The poet became an Apostle in the Church, dedicated to witnessing of Jesus Christ. Unsurprisingly, his mightiest poetic achievement details the cosmic life and ministry of Jesus Christ. Elias: An Epic of the Ages remains Mormonism’s true epic poem. It aspires to reach the heights of Milton, Spenser, and Homer. The hero, Jesus himself, transcends the verse. Whitney tinkered with it for many years and was never satisfied. With such subject matter, how could he be? However, there are moments when the verse, the narrative, and the doctrine combine to make supernal Mormon poetry. These few lines from “Elect of Elohim” reveal the majestic grace of the premortal Christ in council with his Father and those he would redeem.
He spake;—attention grew more grave,
The stillness e’en more still.
“Father!”—The voice like music fell,
Clear as the murmuring flow
Of mountain streamlet trickling down
From heights of virgin snow.
“Father,” it said, “since one must die,
Thy children to redeem,
Whilst earth, as yet unformed and void,
With pulsing life shall teem;
“And thou, great Michael, foremost fall,
That mortal man may be,
And chosen Saviour yet must send,
Lo, here am I—send me!
I ask, I seek no recompense,
Save that which then were mine;
Mine be the willing sacrifice,
The endless glory, Thine!”17
Ultimately, for Whitney, both poesy and prophecy came from the Holy Ghost. The writer, in concert with the Spirit and under the limitations of his own talent, sought the highest form of expression to celebrate God’s greatest truths.
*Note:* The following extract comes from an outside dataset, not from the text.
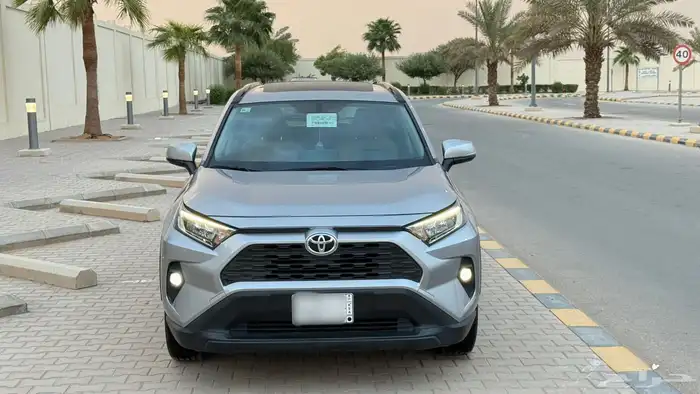 تويوتا راف فور XLE بنزين دبل فتحة سقف 2022 21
Whitney’s work was a noble effort, worthy of our respect and remembrance.
The Life of Orson F. Whitney is a welcome addition to the growing number of biographies of LDS Apostles. It also helps fill the gap in LDS scholarship of the Mormon “lost years,” the time between the two world wars. We need to know more about this era and about Mormons like Whitney. Much good can be gleaned from witnessing the actual lives of great individuals whose reputations tend to relieve them of any human weaknesses or challenges. One hopes that Dennis Horne will be led in the future to other interesting finds that will inspire him to write again about such individuals and that Cedar Fort will continue to publish his work.